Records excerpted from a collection
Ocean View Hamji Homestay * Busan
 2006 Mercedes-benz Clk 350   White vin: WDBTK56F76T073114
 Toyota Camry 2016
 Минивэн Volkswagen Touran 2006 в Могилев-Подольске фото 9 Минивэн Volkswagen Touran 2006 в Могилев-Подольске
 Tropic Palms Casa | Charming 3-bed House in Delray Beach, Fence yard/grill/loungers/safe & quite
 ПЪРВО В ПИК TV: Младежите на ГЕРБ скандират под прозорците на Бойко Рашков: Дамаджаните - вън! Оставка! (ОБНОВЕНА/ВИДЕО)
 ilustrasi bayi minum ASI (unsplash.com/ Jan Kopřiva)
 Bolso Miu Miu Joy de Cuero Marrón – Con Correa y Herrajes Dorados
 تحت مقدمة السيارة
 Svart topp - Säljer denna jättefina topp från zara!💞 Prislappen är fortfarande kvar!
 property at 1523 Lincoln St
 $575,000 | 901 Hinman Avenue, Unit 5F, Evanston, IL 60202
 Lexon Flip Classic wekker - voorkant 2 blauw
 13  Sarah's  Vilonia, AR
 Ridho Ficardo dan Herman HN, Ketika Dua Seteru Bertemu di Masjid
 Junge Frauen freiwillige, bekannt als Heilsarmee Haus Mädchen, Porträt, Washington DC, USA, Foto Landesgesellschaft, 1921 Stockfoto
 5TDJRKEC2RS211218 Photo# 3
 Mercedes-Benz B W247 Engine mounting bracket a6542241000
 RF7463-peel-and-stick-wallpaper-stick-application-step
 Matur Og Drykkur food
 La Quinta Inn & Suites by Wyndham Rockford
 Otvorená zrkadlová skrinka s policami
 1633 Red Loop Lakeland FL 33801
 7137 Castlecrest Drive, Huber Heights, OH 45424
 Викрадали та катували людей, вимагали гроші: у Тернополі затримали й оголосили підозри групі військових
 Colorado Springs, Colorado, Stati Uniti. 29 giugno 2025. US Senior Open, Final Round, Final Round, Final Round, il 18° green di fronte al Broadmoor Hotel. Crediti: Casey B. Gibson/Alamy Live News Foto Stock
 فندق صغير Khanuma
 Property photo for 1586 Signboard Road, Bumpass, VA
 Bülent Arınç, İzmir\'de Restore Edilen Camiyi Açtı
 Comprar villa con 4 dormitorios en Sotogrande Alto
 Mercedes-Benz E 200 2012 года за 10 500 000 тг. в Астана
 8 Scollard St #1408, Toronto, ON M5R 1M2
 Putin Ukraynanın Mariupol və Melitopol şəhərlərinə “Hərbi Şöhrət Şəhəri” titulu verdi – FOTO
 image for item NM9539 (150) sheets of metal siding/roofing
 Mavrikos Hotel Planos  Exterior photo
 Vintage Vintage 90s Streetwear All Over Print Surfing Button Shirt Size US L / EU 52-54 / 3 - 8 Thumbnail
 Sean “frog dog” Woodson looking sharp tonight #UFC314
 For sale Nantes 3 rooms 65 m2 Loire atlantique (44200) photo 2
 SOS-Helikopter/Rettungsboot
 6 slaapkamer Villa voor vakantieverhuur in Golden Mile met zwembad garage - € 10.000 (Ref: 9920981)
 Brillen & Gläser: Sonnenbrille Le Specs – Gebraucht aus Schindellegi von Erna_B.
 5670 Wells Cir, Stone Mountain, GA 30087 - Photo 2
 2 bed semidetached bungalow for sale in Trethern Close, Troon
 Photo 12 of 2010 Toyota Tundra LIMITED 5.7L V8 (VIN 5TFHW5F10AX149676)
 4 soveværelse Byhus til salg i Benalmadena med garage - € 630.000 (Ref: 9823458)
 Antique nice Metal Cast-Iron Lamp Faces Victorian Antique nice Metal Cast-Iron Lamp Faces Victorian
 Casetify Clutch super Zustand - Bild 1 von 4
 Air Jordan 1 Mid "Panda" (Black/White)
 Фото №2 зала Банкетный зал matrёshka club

▶ What the task asks
Whenever a line includes the word "Mercedes", pull it out of the entries.

▶ Solution
 2006 Mercedes-benz Clk 350   White vin: WDBTK56F76T073114
 Mercedes-Benz B W247 Engine mounting bracket a6542241000
 Mercedes-Benz E 200 2012 года за 10 500 000 тг. в Астана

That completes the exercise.